╭─ DATA SHOWN
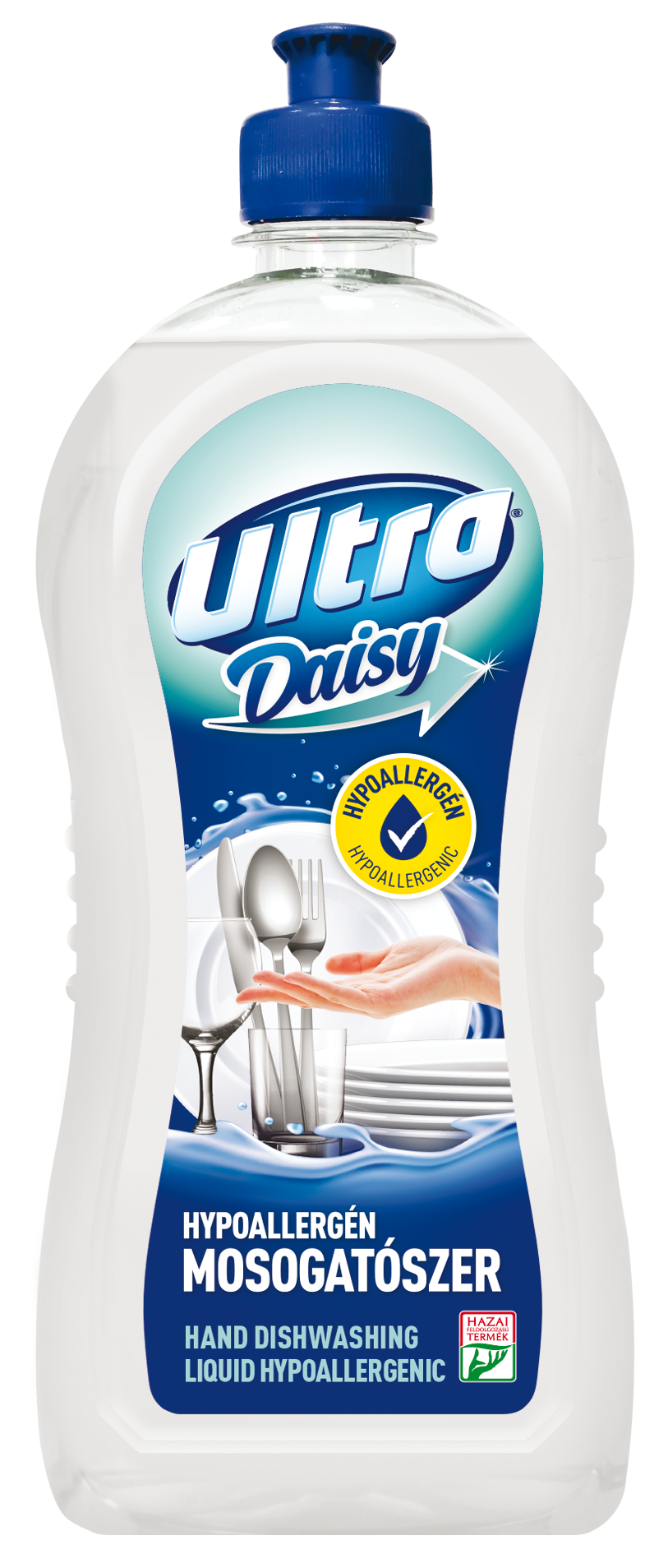 Ultra Daisy Hypoallergén Mosogatószer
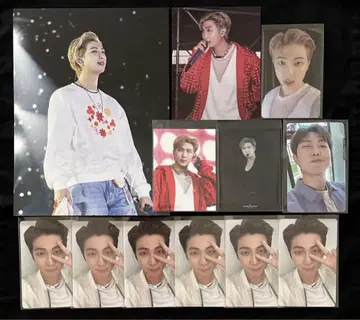 PERMISSION TO DANCE ON STAGE LIVE 혜택 RM
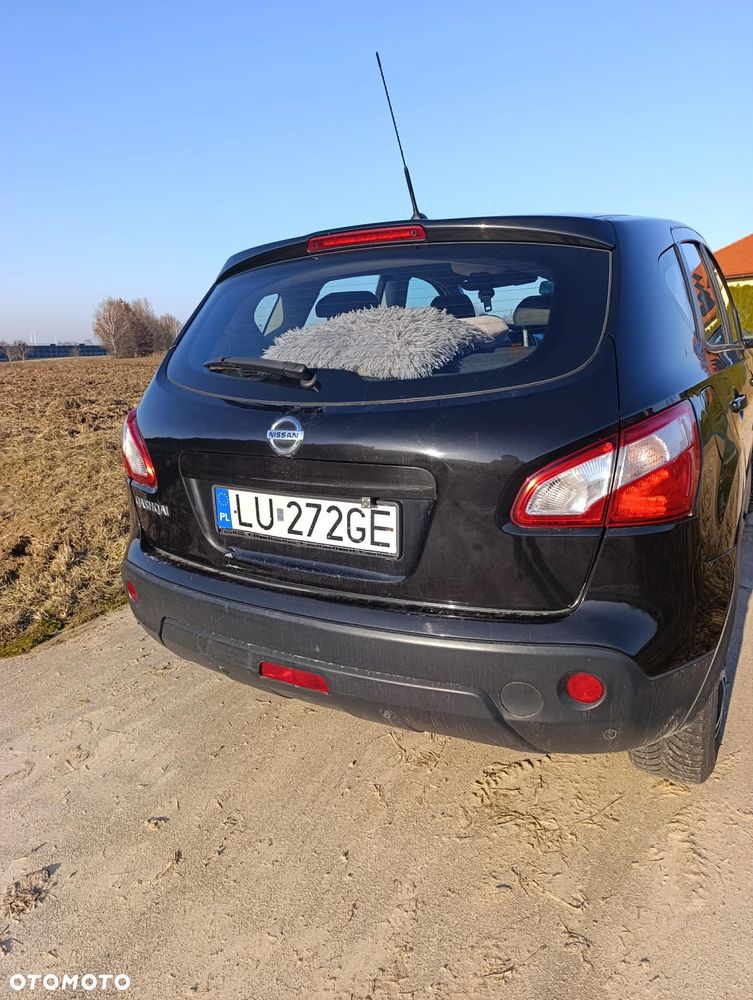 Nissan Qashqai 2.0 4x4 Acenta - 10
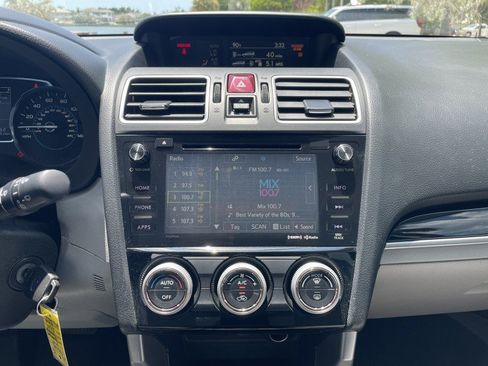 Used 2018 Subaru Forester 2.5i Limited AWD/4WD image 17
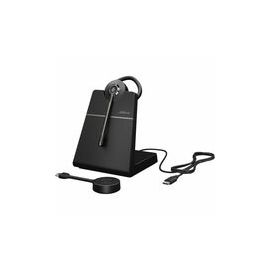 JABRA ENGAGE 55 SE MS CONVERT USB-C W/CHARGING STAND EMEA/APAC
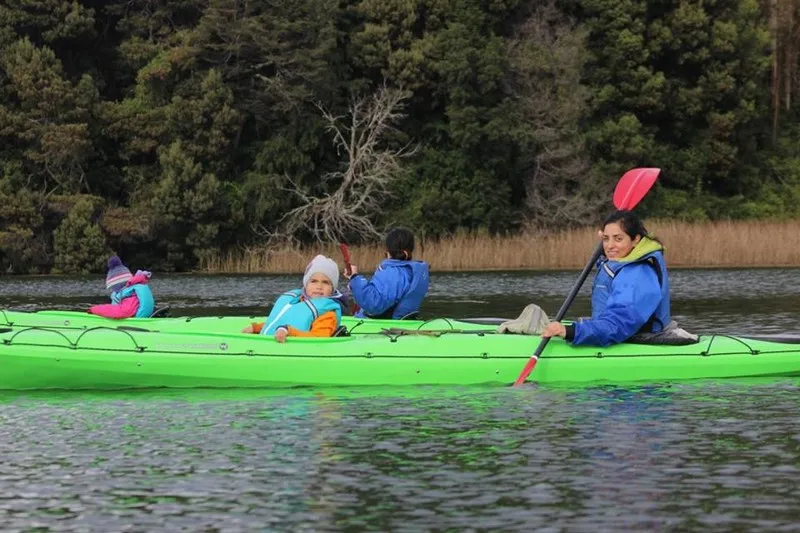 Fotografía 9 de Sesión de Kayak en Pucon, Araucania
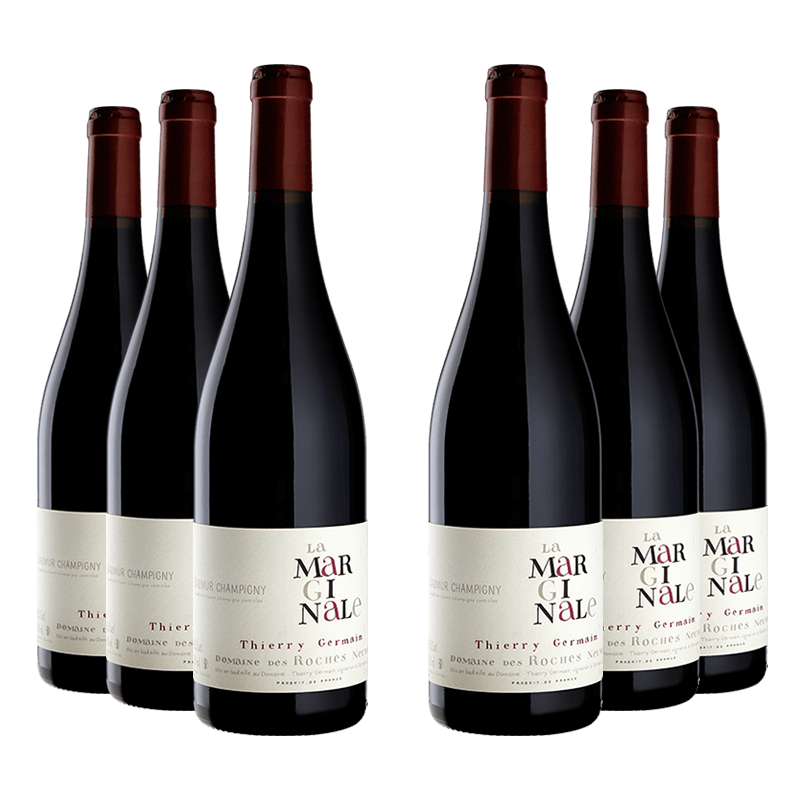 Thierry Germain - Domaine des Roches Neuves : La Marginale 2019 von Thierry Germain - Domaine des Roches Neuves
╰─
— ASSIGNED TASK —
Reproduce the listing above exactly, without a single picture.

— EXERCISE OUTPUT —
 Ultra Daisy Hypoallergén Mosogatószer
 PERMISSION TO DANCE ON STAGE LIVE 혜택 RM
 Nissan Qashqai 2.0 4x4 Acenta - 10
 Used 2018 Subaru Forester 2.5i Limited AWD/4WD image 17
 JABRA ENGAGE 55 SE MS CONVERT USB-C W/CHARGING STAND EMEA/APAC
 Fotografía 9 de Sesión de Kayak en Pucon, Araucania
 Thierry Germain - Domaine des Roches Neuves : La Marginale 2019 von Thierry Germain - Domaine des Roches Neuves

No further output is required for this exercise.